In between albums and tours, each of the four members would take a break to spend time with their families. Often, there would be no contact for months. There was a long gap after the release of Roses in 2012, but they say there had been no falling out.
"It really wasn't unusual to take those breaks," Noel says, "and even myself and Mike wouldn't see each other. Dolores was living in New York too, don't forget. But you'd always know that we'd be back together sooner or later to work on new music. The nice thing about the last six months of Dolores' life is that there was an awful lot of contact because that was the only way we could glue it all together." Now that she is no longer here, they say there is comfort in knowing that they always got on. There had been no bad splits, no Gallagher-esque warring. "Look, like any band, there were moments where it wasn't plain-sailing," Noel says. "But then the four of us would get in a room and trash it out and it would all be okay. If there were any problems, it was usually a simple misunderstanding."
"I think we were like brothers to Dolores," Lawler adds, "and we were protective of her right to the end. She always had that attention [from fans and media] and she'd have us to back her up."
"She did that for us too," Noel says. "If one of us was sick on tour, she'd be the first down to the room to check we were still alive! Guys just don't do that."
Each of The Cranberries albums before In the End featured a photo of the quartet on the cover. This one features four children, all from Limerick and all related in some way to the band. "We didn't want to be on the cover without Dolores," Mike says. "It would seem wrong, incomplete."
None of them knows what will happen once promotional duties for the album ends.
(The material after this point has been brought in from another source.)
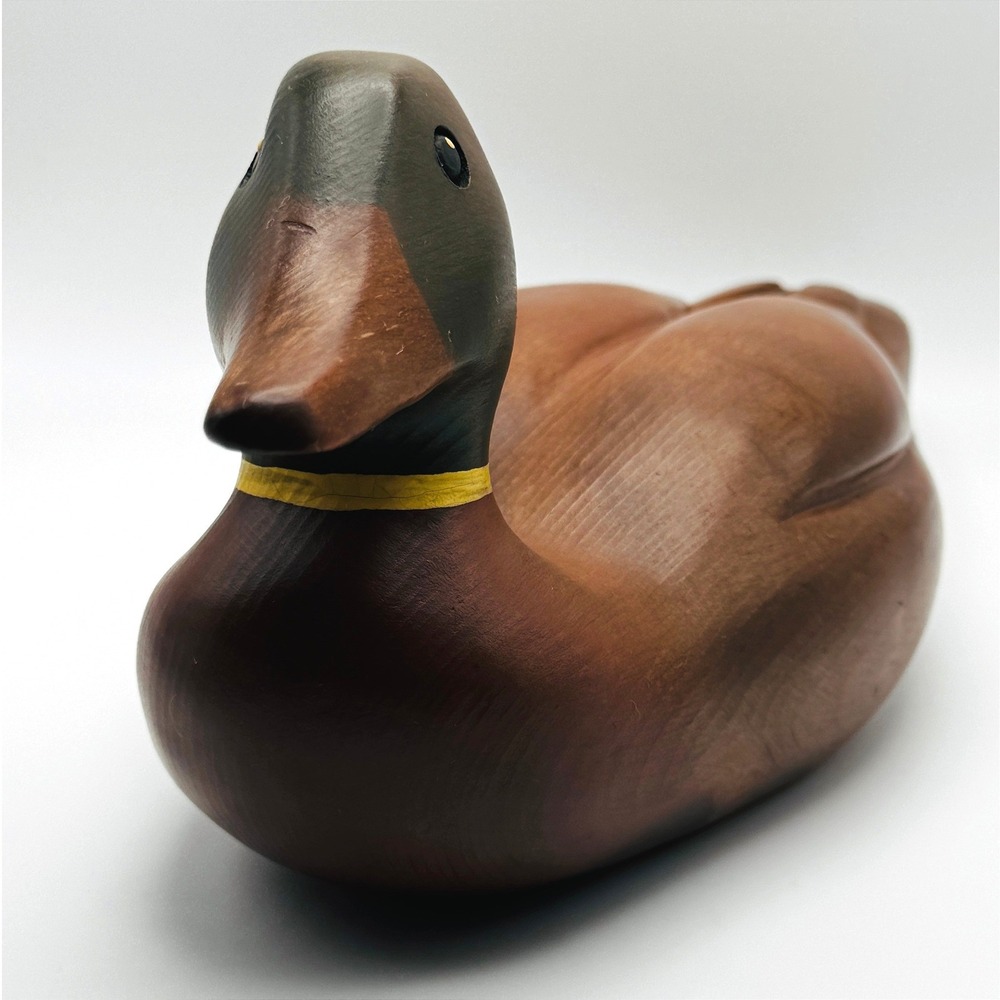 Vtg. Hand Carved Wood Mallard Duck Decoy Sculpture Cabin Lakehouse Cottagecore - Picture 3 of 10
There will certainly be a long break, they say, and if they work together again, the project will have a different name.
For now, there's a look-back at what was a remarkable innings.
"As a band, we wouldn't change a thing," Noel says. "We got to do so many amazing things together and our music went out into the world and touched far more people than we could ever have imagined."
Big as they were in their own country, The Cranberries were huge abroad and Lawler says that fact was brought home after O'Riordan's death when there was an outpouring of grief among fans all over the world.
"We were always bigger outside of Ireland," Noel says, "and we realised early on we'd never get the sort of response here that we got in other countries. We didn't do anything different here that we didn't do elsewhere, but it just seems as though [overseas audiences] were more open to us, more accepting or whatever.
"I've been asked over the years in Limerick, 'What are you doing with yourselves now?' It would be someone thinking the band had finished or something. And you might have just come back from doing something really big abroad!" He chuckles at the thought of it.
"It's been quite a story for us. I just wish Dolores was here with us now."